* [What to work on] Pick out all lines of the entries that include the word "Used" and copy them.

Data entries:
☆ ☆ ☆ ☆
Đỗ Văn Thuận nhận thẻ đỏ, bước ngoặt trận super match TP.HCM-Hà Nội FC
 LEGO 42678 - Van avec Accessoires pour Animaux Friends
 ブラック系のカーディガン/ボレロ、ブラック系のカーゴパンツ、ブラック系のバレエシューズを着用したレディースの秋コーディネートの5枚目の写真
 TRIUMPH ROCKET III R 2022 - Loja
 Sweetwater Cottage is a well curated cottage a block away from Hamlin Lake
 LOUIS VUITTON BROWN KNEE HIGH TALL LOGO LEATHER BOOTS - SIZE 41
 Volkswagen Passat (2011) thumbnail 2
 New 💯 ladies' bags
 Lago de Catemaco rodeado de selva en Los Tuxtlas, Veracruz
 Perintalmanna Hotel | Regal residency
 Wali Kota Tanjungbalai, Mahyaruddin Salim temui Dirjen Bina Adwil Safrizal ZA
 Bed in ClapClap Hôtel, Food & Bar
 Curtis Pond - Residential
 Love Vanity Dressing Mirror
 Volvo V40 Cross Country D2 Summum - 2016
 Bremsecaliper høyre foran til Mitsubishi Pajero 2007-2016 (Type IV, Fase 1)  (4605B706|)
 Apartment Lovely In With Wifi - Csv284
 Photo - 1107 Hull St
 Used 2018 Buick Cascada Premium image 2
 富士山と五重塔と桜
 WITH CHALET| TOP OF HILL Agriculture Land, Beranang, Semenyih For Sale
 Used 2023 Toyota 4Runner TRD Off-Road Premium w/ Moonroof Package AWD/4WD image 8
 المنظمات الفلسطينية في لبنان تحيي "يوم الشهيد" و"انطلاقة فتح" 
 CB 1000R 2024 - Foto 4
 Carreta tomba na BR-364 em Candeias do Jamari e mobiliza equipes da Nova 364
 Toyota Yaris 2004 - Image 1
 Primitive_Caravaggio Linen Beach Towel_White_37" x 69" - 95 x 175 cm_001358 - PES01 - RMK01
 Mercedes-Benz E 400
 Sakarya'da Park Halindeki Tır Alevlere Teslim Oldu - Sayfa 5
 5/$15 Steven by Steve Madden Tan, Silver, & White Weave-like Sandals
☆ ☆ ☆ ☆
* [Answer box]
 Used 2018 Buick Cascada Premium image 2
 Used 2023 Toyota 4Runner TRD Off-Road Premium w/ Moonroof Package AWD/4WD image 8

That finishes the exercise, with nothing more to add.